Sea como fuere, lo cierto es que, en aquella muy lueñe fiesta de toros, llegó un momento en el cual los toros también se paraban. Se agarraban al piso, como dicen en México. Aquellos toros mansurrones y acobardados que pastaban en los latifundios de Utrera, morían sin defenderse. Se dejaban matar, digamos. A toro que no parte, partirle, rezaba el viejo aforismo de la supervieja tauromaquia. Y entonces Costillares, Romero, Pepe Hillo y compañeros mártires, se iban tras la espada –espada era, más que estoque— con la vista puesta en el morrillo del morlaco, que aguardaba inmóvil su inexorable destino, moviendo la muletilla bajo el hocico del animal y hundiéndole el acero por entre el lomo y el pescuezo, a la vez que levantaba graciosamente el pie derecho; es decir, volaba ligeramente el pie. De ahí el vuelapiés, que por degeneración fonética ha llegado a nuestros días como volapié.

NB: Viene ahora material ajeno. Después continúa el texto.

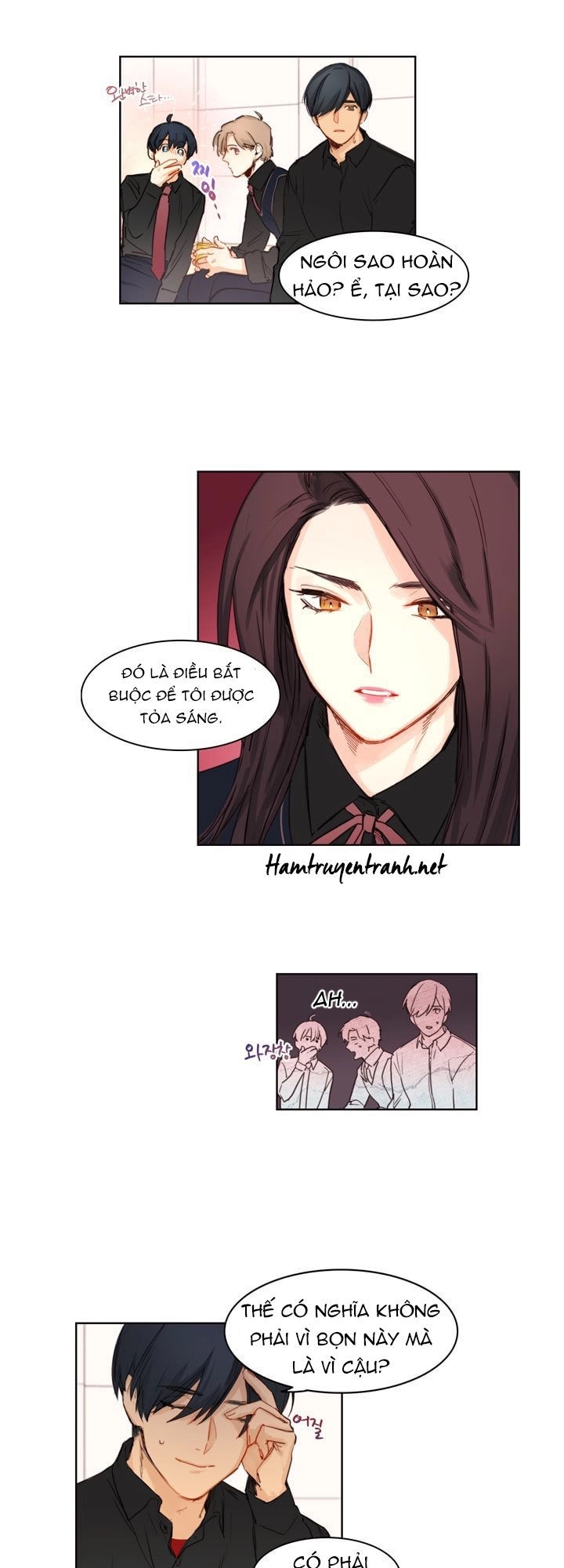 Thực Tập Sinh Chapter 9 - 22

Se pretende justificar esta larga perorata sobre algo que ustedes saben muy bien, a guisa de proemio de una crónica de toros, acerca de la corrida celebrada ayer en Madrid, dentro del abono de la feria de San Isidro, y en su festejo número diecinueve, en el cual, un torero contemporáneo ejecutó la suerte del volapié, sencillamente, a la perfección. Perfilóse el muchacho, corto de talla pero aguerrido como pocos, hizo el requiebro con las piernas para enfrontilarse con el toro, tomó impulso, avanzó despacio, bajó la muleta hasta el belfo del animal para que descubriera ese guá tan deseado que llaman hoyo de las agujas y con asombrosa lentitud, sin saltitos ni zambullidas, envasó el estoque en dicho lugar, hasta los gavilanes, saliendo limpiamente por el costillar. El costillar que Costillares, muy probablemente, eludiría con frecuencia. El artífice de la sorprendente resurrección de esta antañona suerte del toreo es de aquí, del Foro, y se llama Gonzalo Caballero. En sus manos, la resurrección del volapié, fue mismamente como una revelación. ¡Aleluya!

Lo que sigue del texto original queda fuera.